Ils coururent sans s’arrêter jusqu’à la tombée de la nuit. Rohel se ressentait encore de sa blessure à la clavicule et de la fatigue consécutive à l’absorption de la plante hallucinogène. En revanche, Lays, aussi légère qu’un enfant, n’était pas un fardeau encombrant. Le vent poussait des brandons qui enflammaient le Rooph tout autour d’eux et l’incendie les gagnait peu à peu de vitesse. La hauteur des herbes les empêchait d’évaluer la progression du feu. La température avait grimpé d’une trentaine de degrés et ils transpiraient en abondance. Ils entrevoyaient parfois les silhouettes massives de porcars que la panique poussait à prendre la mauvaise direction. Une épaisse fumée leur irritait les yeux et la gorge.

Ugoh s’arrêta et reprit son souffle, les mains posées sur les genoux.
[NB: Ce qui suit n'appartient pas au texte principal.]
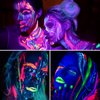 6PCS Glow in the Dark Body & Face Paint Sticks, Makeup Face Paint Kit for Kids and Adults Halloween Club, UV Black Light Birthday Party Masquerade Neon Glow Party Supplies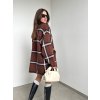 Kockovaný kardigan so šálom  6271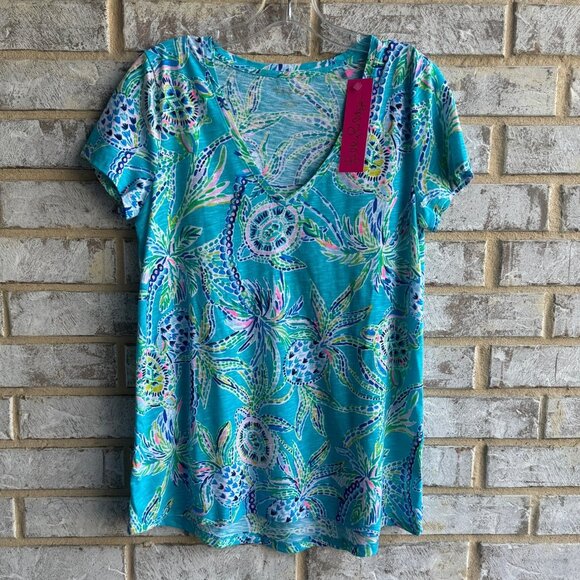 Lilly Pulitzer Short Sleeve V-Neck Tropical Turtles 100% Cotton T-Shirt Size S - Picture 1 of 7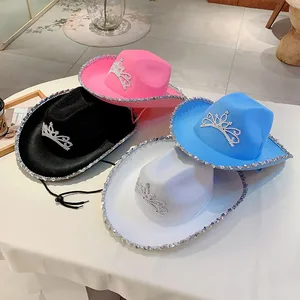 Kammpt wide -tab pink cowboy hats, Western Carnival Hats, elegant tie crown sequin caps for women 8 Main Sales Chapeu Cowboy Rosa - №6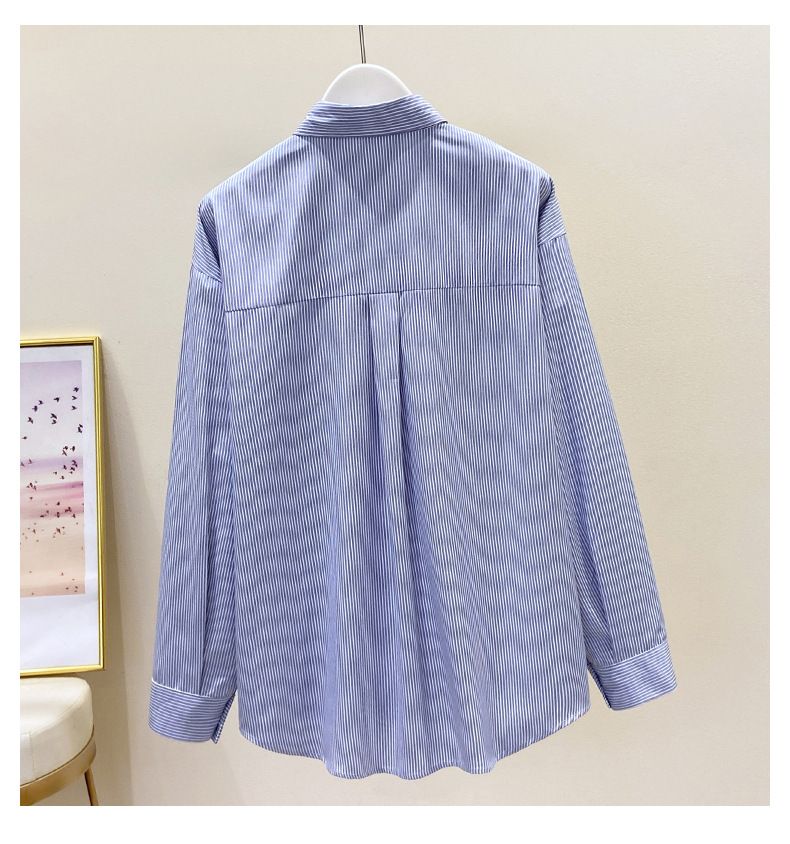 Vintage-Inspired Striped Cotton Blend Shirt For Women - Relaxed Fit, Long Sleeve, Elegant Office & Casual Wear_voghion.com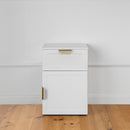 BEDSIDE TABLE - WHITE - HAMPTONS - PULL BRASS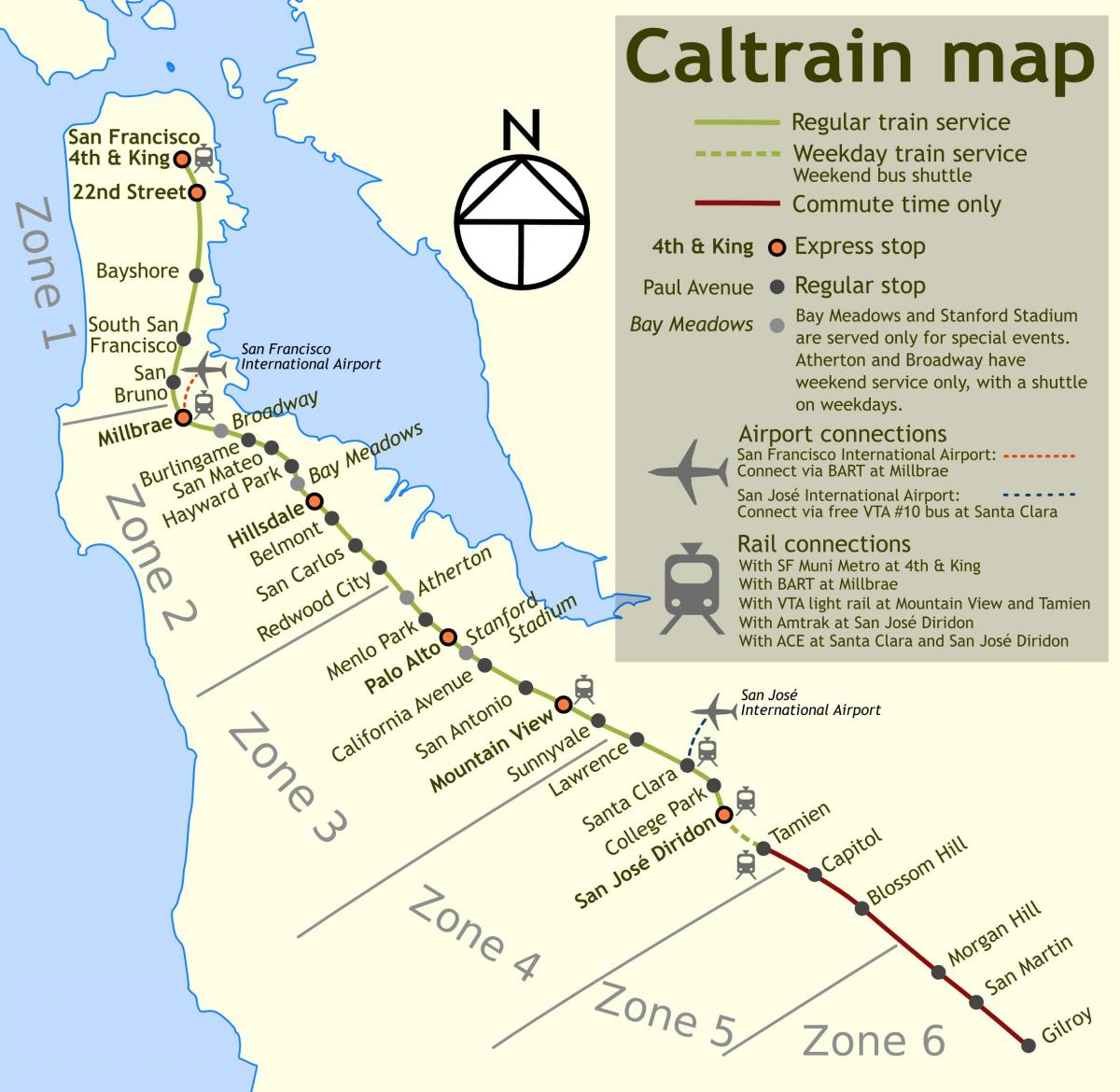 caltrain ustavi zemljevid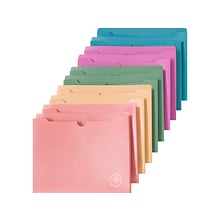 U Brands U-Eco Plastic File Jackets, 1 Expansion, Letter Size, Assorted Colors, 10/Pack (6595U01-12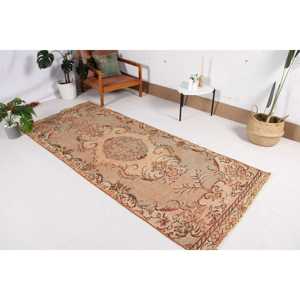 Vintage Turkish Rug 3.5x8.6 ft, <b>Brown</b> Area Ombr <b>Wool</b> Rug - Product Image 2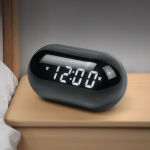 Radio réveil rond et compact avec écran numérique pour l'heure couleur noir cinquième vue
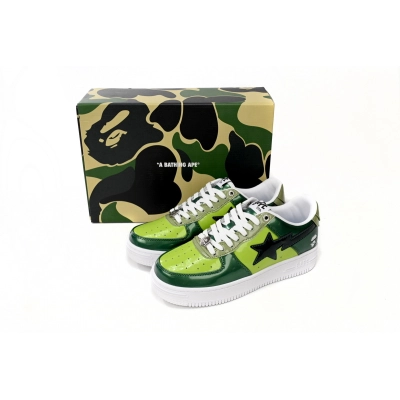 POP Special Sale A Bathing Ape Bape Sta Low Black Green Mirror Surface 1H20 190 046 02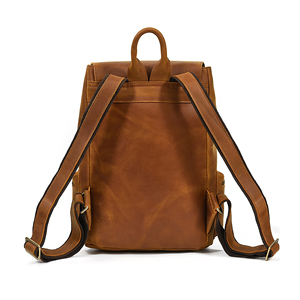 Men's Handmade Genuine Leather <b>Backpack</b> Zipper Closure-Lightweight Waterproof Camping Travel Laptop Bag - Product Image 3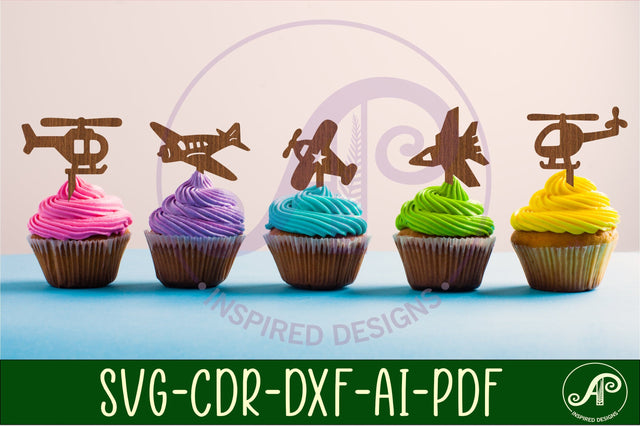 Plane cupcake toppers, 8 designs SVG laser cut SVG APInspireddesigns 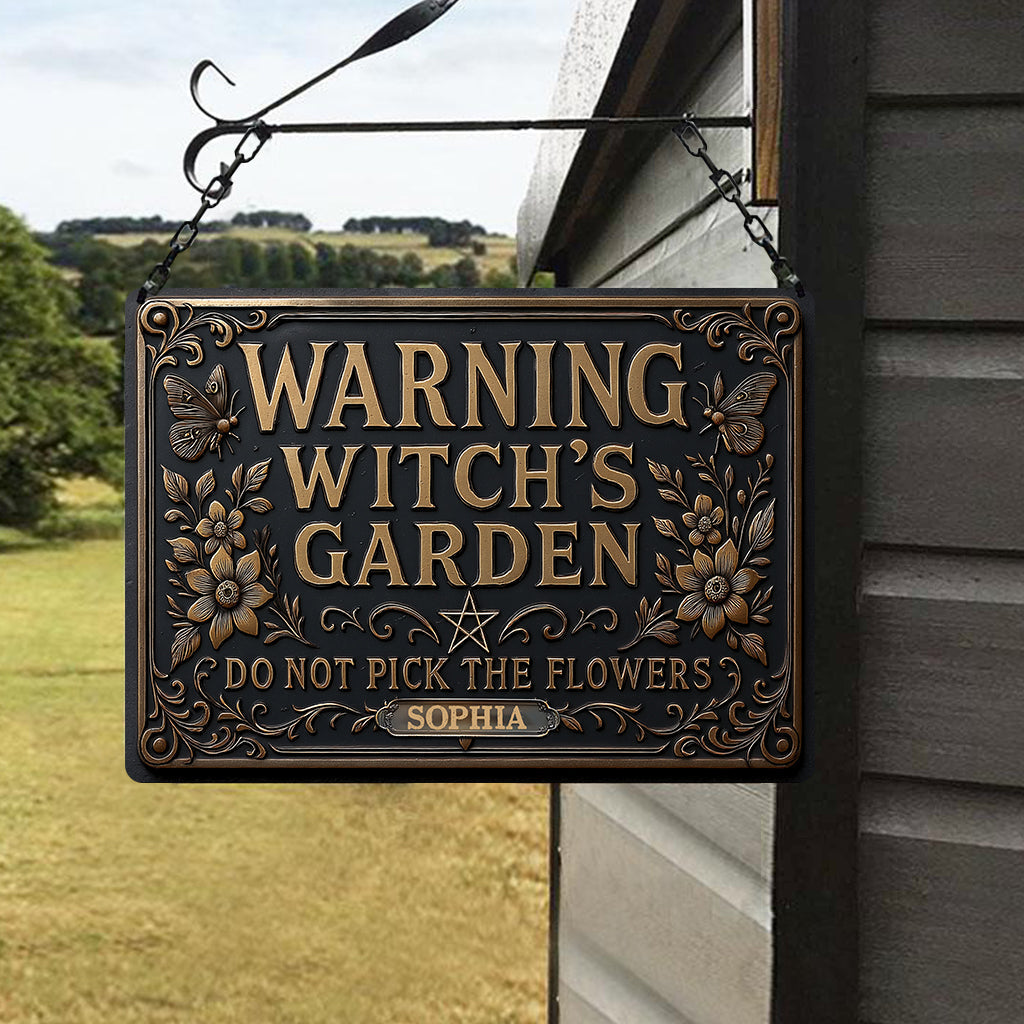 Witch's Garden - Personalized Witch Rectangle Metal Sign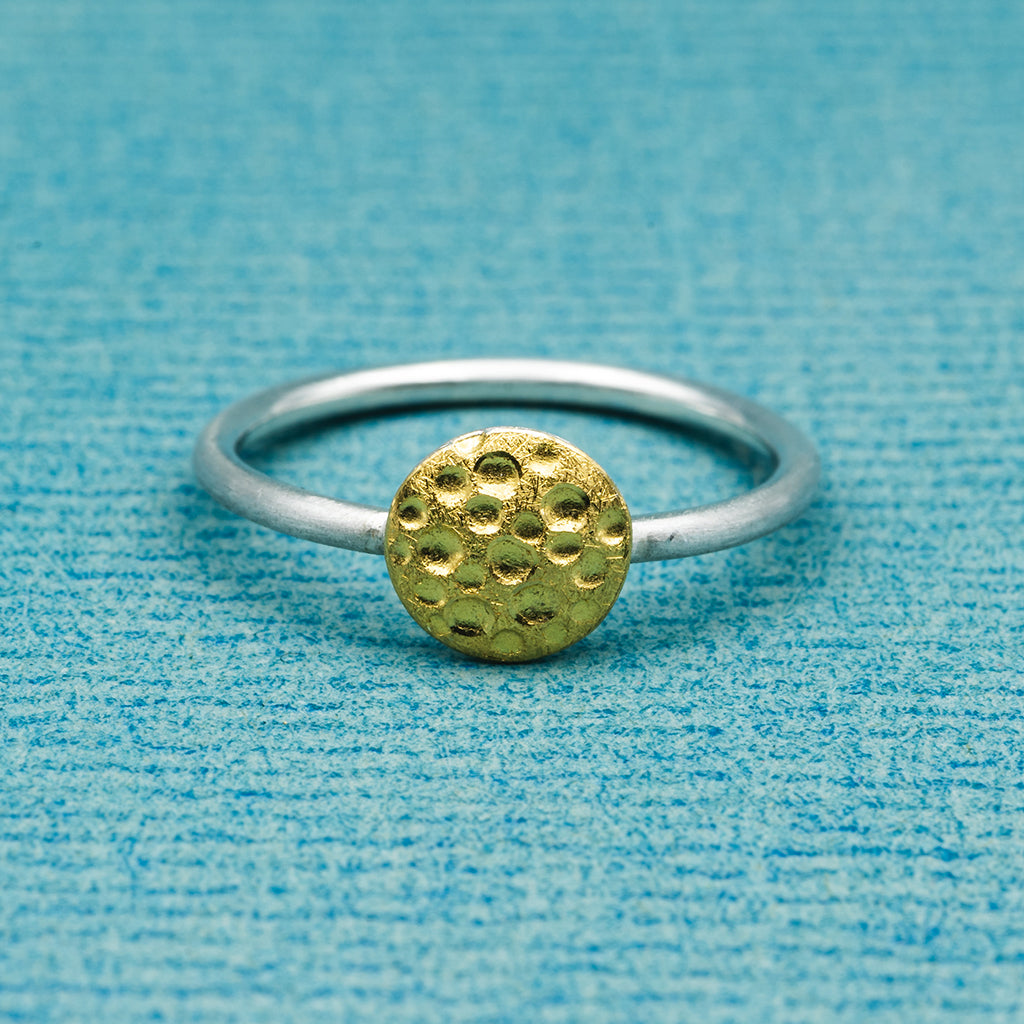Ring (7,5 mm) - eismatt, Stempel, rund, konvex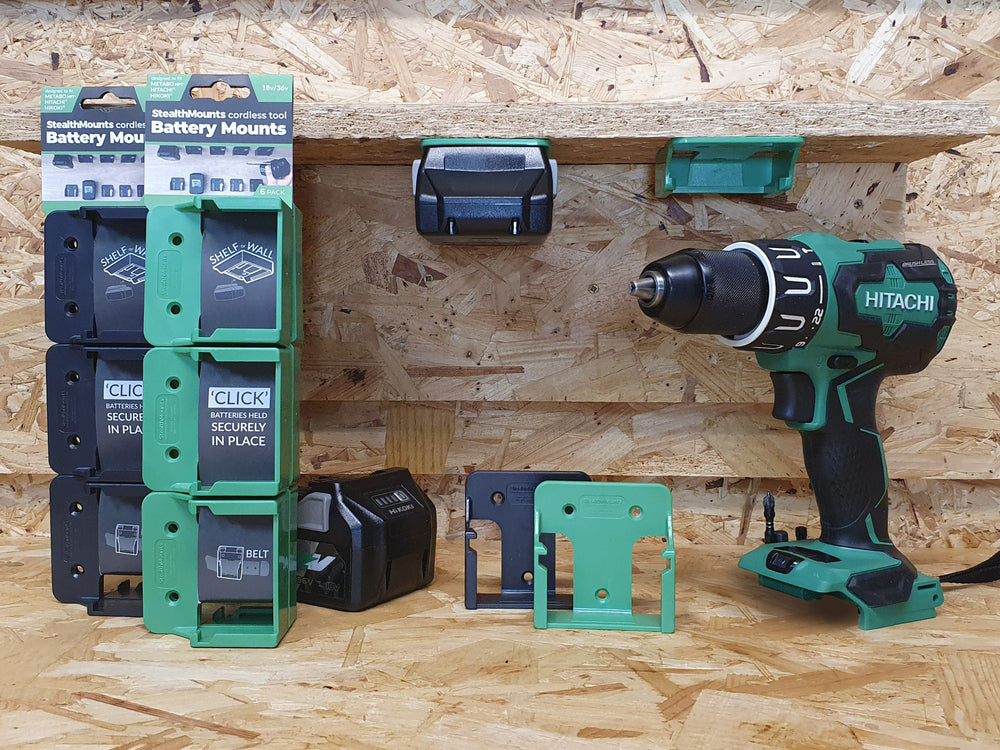 StealthMount BM-MHH18-GRN-6 Battery Mounts for Metabo HPT (6 Pack) Green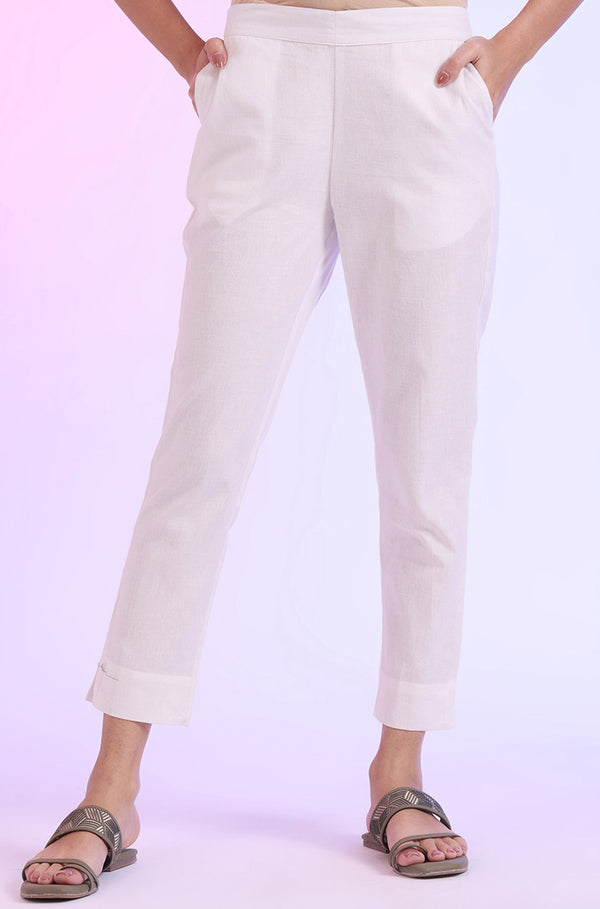 Solid Cotton Blend Palazzos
— Il finira par nous rattraper, murmura-t-il d’une voix essoufflée. Ce n’est qu’une question de minutes.

— Lorsque nous sommes sortis de la forêt, Lays et moi n’avons mis qu’une journée à rejoindre votre terrier, objecta Le Vioter.

— Je te parle de minutes et tu me réponds en journée ! De plus nous n’avançons pas en direction de la forêt, mais de la bordure septentrionale du Pays Noir.

— Le Pays Noir ?

— C’est ainsi qu’on appelle le royaume de Siloë. Le vent a changé de sens… Quelle importance ? Ni ta quête ni la mienne ne sont justes puisque l’Alliée ne se manifeste pas.

— Et comment pourrait-elle se manifester dans ce contexte ?

Rohel se retint à grand-peine de frapper les herbes proches. La respiration régulière de Lays lui effleurait la base du cou. Sa peau captait l’haleine menaçante des flammes. Il percevait à présent le grésillement des tiges calcinées, le grondement sourd et persistant de l’incendie.

— De cette façon, par exemple…

Ugoh désigna les deux nyax géants qui avaient surgi dans le dos de Rohel et dont les yeux étincelants transperçaient l’obscurité naissante.